#### Task brief:
Copy the lines below, word for word, from the first through the line containing "However, while the". Leave the pictures out.
==== Data ====
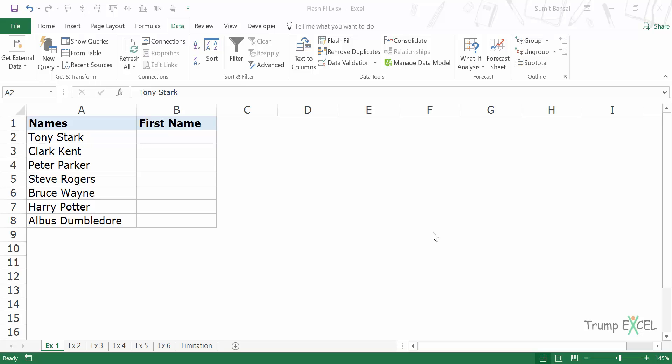Hello and welcome to the video by Trump Excel. I am Sumit Bansal and in this video I will show you how to use Flash Fill in Excel.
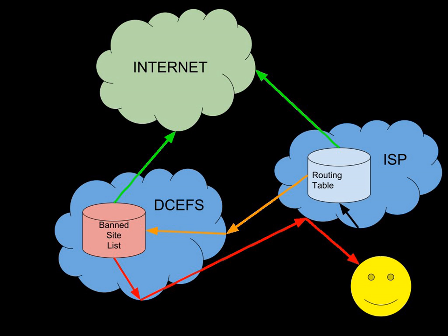However, while the FVPC Act was interpreted to include the search and seizure of internet content hosted in New Zealand, it wasn't possible for the DIA to directly take down the website in another jurisdiction.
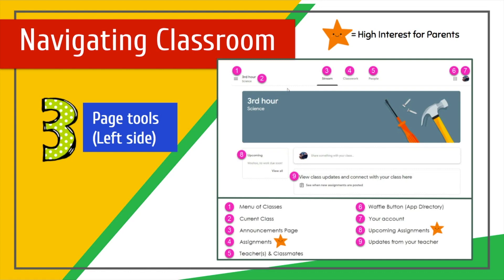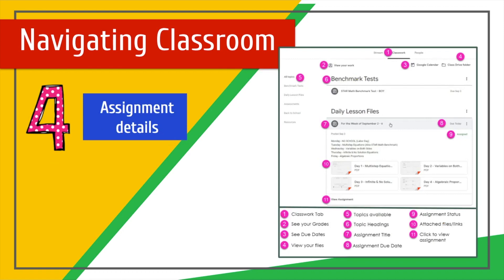Within the Classroom, there is a page with page tools. The items that are of high interest for parents are the ones with a smiling star next to them. Parents would like to see what assignments have been done and the upcoming assignments their students need to complete. Assignment details give important information that the teacher has put in, including materials, resources, information about due dates, and other important information.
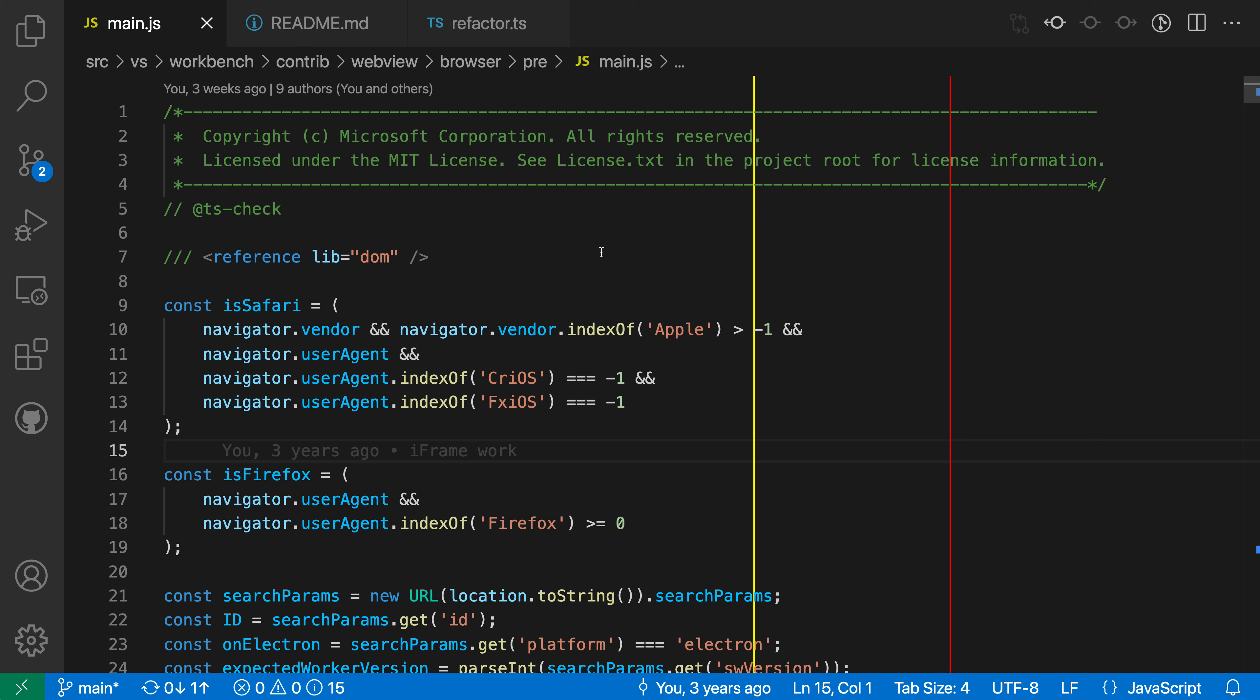Language-specific settings in VS Code let you customize settings based on the type of file you're working in. In this JavaScript file, for example, you can see that I've defined two rulers, one at column 60 and one at column 80.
====
#### Finished exercise:
Hello and welcome to the video by Trump Excel. I am Sumit Bansal and in this video I will show you how to use Flash Fill in Excel.
However, while the FVPC Act was interpreted to include the search and seizure of internet content hosted in New Zealand, it wasn't possible for the DIA to directly take down the website in another jurisdiction.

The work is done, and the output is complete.